**Assignment**
Produce a verbatim transcription of the entries, with all pictures omitted.

Source data Block Start

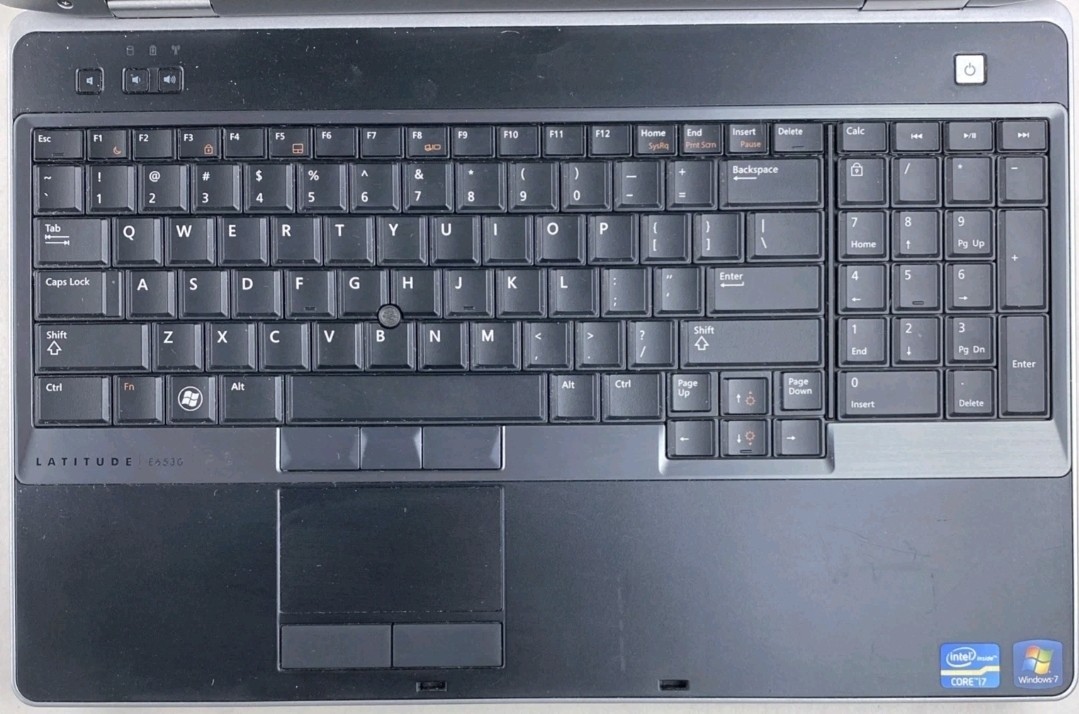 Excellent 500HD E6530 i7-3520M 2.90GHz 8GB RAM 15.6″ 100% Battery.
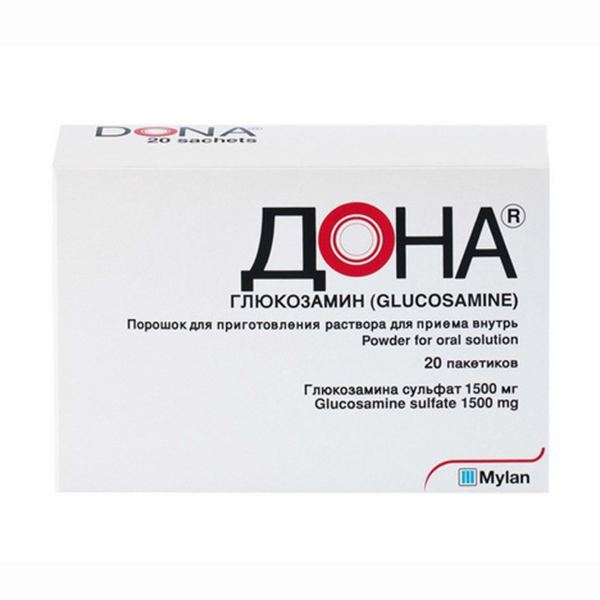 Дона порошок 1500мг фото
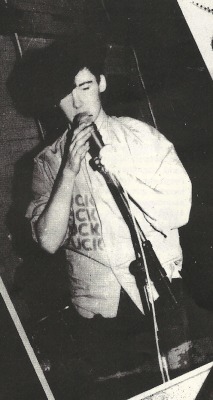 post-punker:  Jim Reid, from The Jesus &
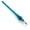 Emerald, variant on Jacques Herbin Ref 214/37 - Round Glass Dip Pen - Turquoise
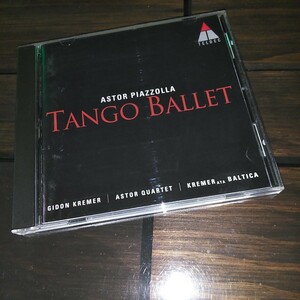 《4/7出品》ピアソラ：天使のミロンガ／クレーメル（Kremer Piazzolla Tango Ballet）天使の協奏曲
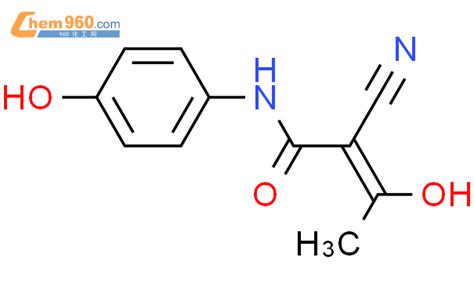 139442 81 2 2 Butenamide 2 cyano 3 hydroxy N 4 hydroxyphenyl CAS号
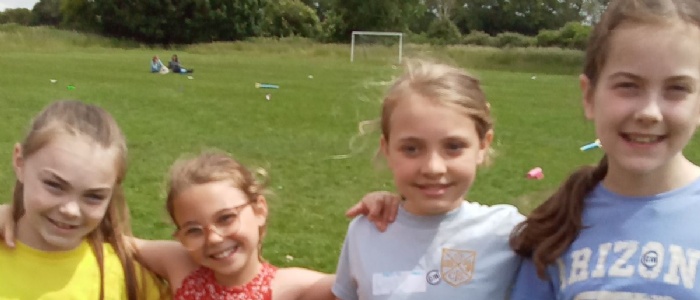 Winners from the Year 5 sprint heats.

Source data Block End

**Result for this exercise**
 Excellent 500HD E6530 i7-3520M 2.90GHz 8GB RAM 15.6″ 100% Battery.
 Дона порошок 1500мг фото
 post-punker:  Jim Reid, from The Jesus &
 Emerald, variant on Jacques Herbin Ref 214/37 - Round Glass Dip Pen - Turquoise
 《4/7出品》ピアソラ：天使のミロンガ／クレーメル（Kremer Piazzolla Tango Ballet）天使の協奏曲
 139442 81 2 2 Butenamide 2 cyano 3 hydroxy N 4 hydroxyphenyl CAS号
 Winners from the Year 5 sprint heats.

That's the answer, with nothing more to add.